IPO of Kazatomprom
The Kazakh trailblazer and Aramco of the uranium industry
Kazatomprom is the world’s biggest producer of natural uranium. Formerly 100 per cent owned by the Kazakhstan government, financial PR consultancy Powerscourt was appointed to advise on its initial public offering (IPO) following the launch of an extensive privatisation scheme to reduce the government’s share in the economy to 15 per cent.
From the outset, there were multiple communications challenges. The company had neither an investor relations or communications department but instead enjoyed a classic ‘state-owned’ culture, prompting perceptions of poor governance. Kazatomprom also operated in a poorly understood sector, which had been further impacted by the Fukushima Daiichi nuclear disaster and a well-coordinated anti-nuclear campaign.

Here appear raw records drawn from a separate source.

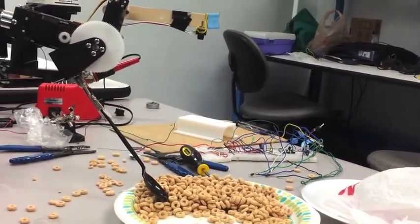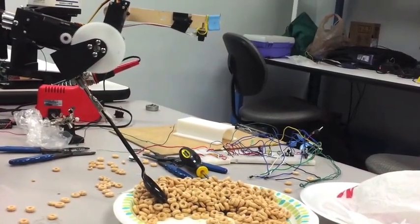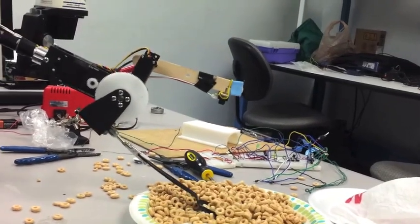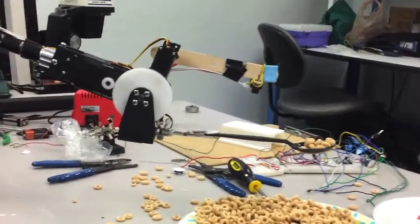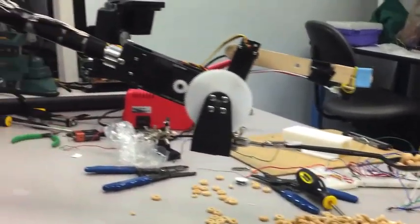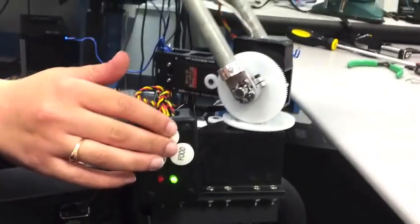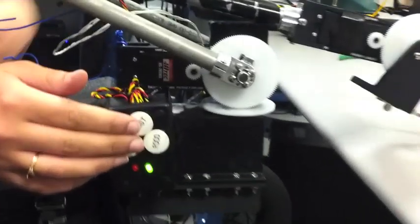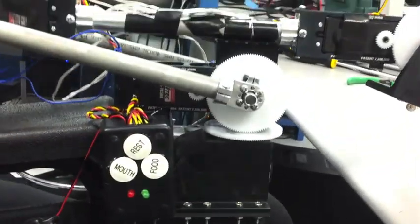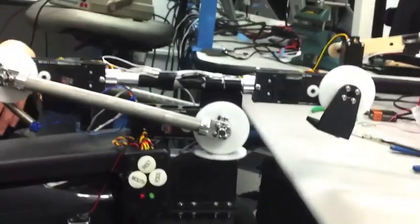It bounces back to where it left off, and if it doesn't find food in the original position, it continues searching. Once it finds food, it resumes. Once the user is done eating, he can send it to rest at any time during the process — for example, if he wants to stop for a moment to do something else.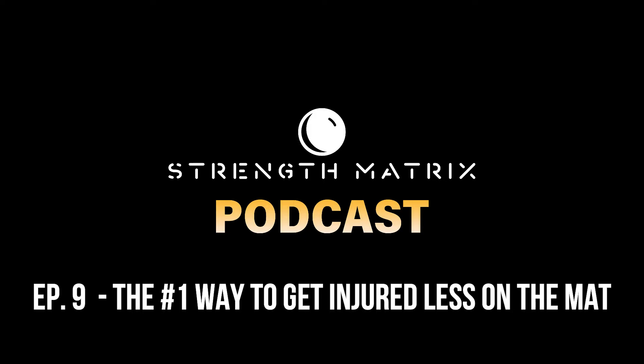Plus, if you stick around for the end of this episode, I'll provide you with a bonus tip on how you can decrease your risk of injury.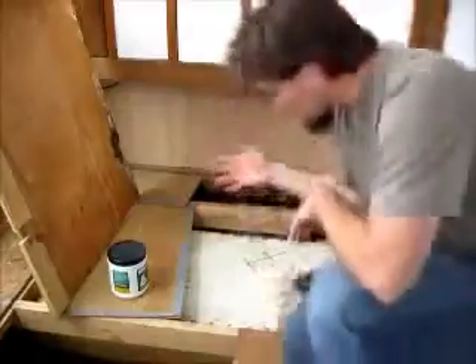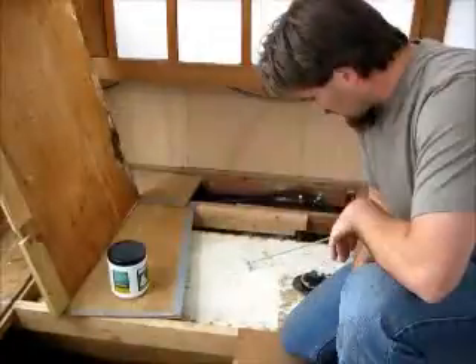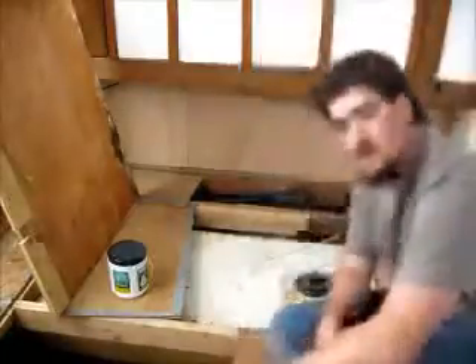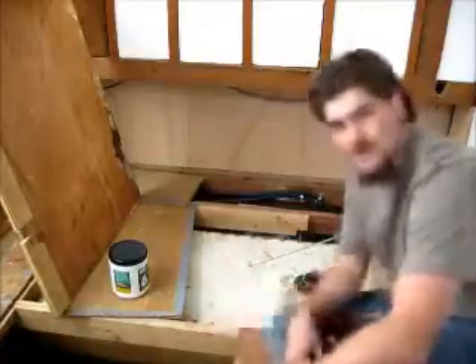We're checking out my marine septic tank here. As you can see, the tank is under the bed and it has about 75 gallons of capacity. But like I said in the article, I've really only got about 5, maybe 10 gallons of usable capacity.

Market conditions were also not promising. Several high profile IPOs, such as Aston Martin, had performed badly, which had impacted investor sentiment and appetite. It did not bode well for an entirely unknown corporate entity, run by a new management team.
Powerscourt’s strategy was based around control - managing the profile, engaging at the right time, keeping all communications clear and risk free and introducing a ‘well-defined leak strategy’ - and simplicity - identifying core messages and ensuring they remained consistent throughout the process.

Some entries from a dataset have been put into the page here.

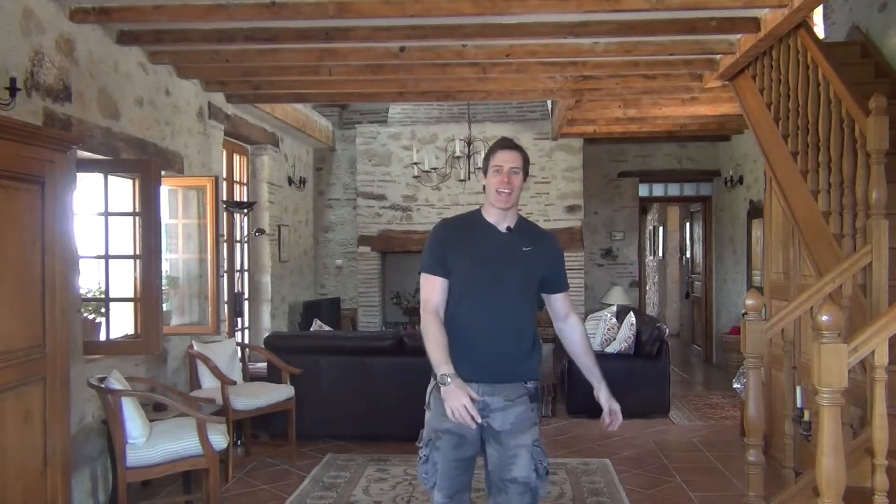All right guys, how are you feeling after all those burpees? Not too bad, I hope. Today is only a 10-minute workout — 10 minutes, easy.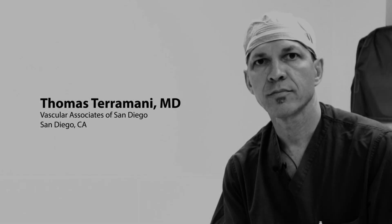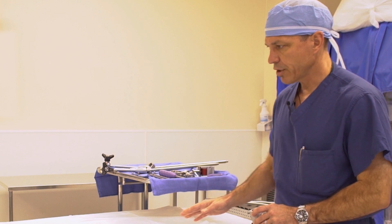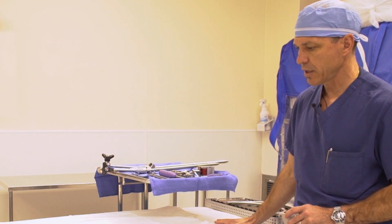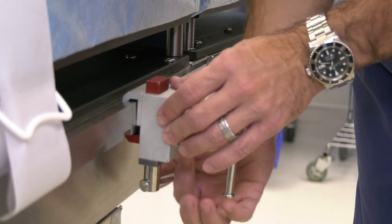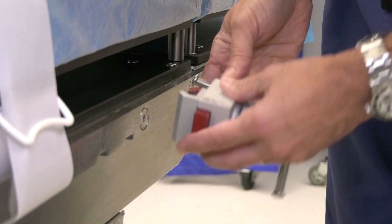We're going to talk about the setup of the retractor system and we'll start from the beginning. We're going to assume a patient's on the table — head of the table is here, tail of the table is here. We're going to put our first clamp. You have an option to put the clamp this way, or you can also place the clamp this way.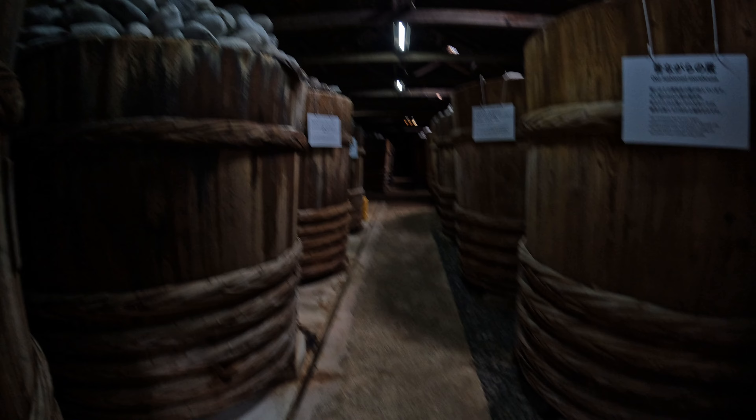Yeah, old-fashioned wooden barrels for miso. These are 180 centimeters tall and have been used for over 100 years. They put about two to three hundred stones on top — about two to three tons.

In practice, this meant conducting a series of briefing sessions with key media to ensure that they both understood and appreciated the strengths of the investment case.
The strapline the Aramco of the uranium industry - referencing the Saudi Arabia-owned petrochemicals giant - was mentioned at an informal briefing with the Financial Times, which the paper picked up: other media outlets swiftly adopted the moniker, which grabbed the attention of target audiences. None of the coverage alluded to any other Kazakh issues.

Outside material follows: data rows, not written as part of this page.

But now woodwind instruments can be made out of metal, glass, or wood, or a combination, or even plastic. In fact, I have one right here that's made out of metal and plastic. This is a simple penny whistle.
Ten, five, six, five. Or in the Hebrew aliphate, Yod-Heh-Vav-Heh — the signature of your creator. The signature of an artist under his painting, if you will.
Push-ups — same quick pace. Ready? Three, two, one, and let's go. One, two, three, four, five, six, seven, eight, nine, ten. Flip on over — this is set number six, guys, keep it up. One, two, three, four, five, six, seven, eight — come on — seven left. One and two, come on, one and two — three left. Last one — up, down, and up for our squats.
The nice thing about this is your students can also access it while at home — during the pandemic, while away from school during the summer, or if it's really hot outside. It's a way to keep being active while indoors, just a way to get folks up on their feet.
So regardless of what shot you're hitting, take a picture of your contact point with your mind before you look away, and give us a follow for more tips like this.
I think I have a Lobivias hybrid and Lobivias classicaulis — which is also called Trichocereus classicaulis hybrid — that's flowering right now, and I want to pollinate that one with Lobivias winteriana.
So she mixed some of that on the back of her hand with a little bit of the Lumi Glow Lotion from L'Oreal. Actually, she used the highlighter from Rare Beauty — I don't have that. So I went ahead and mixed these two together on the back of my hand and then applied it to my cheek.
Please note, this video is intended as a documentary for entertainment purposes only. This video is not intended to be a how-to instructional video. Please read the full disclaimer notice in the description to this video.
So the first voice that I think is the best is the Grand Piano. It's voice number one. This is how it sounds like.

It was also necessary to educate stakeholders, such as regulators, institutional investors and market participants, about uranium. This drew on work that Powerscourt had done for its client Yellow Cake, a company formed to trade uranium, which listed on the AIM market in 2018.
Powerscourt also had to establish both PR and investor relations functions within Kazatomprom, as well as introducing appropriate governance processes. Working with a leading PR firm based in Almaty, Kazakhstan’s biggest city, helped Powerscourt to overcome the language barriers and also coordinate PR on the ground.
The agency also worked with new chief executive Galymzhan Pirmatov and his team to define a vision for Kazatomprom and the uranium industry. He announced the new strategy at the World Nuclear Association Symposium in London, two months ahead of the planned IPO. On the day that Kazatomprom floated on both the London Stock Exchange and the nascent Astana International Finance Center, Pirmatov was interviewed on Bloomberg. This subsequently went viral on social media.
The share price has risen by more than 20 per cent since listing, and Kazatomprom is now viewed as the bellwether for uranium stocks. It has also set the stage for other Kazakh companies looking to list in London.
The judges said that Powerscourt had ‘started with a blank piece of paper, and went beyond traditional financial PR’ but had also worked ‘with both a difficult jurisdiction and sector’. They felt that the strategy was well structured, clear on objectives and had deployed strong tactics.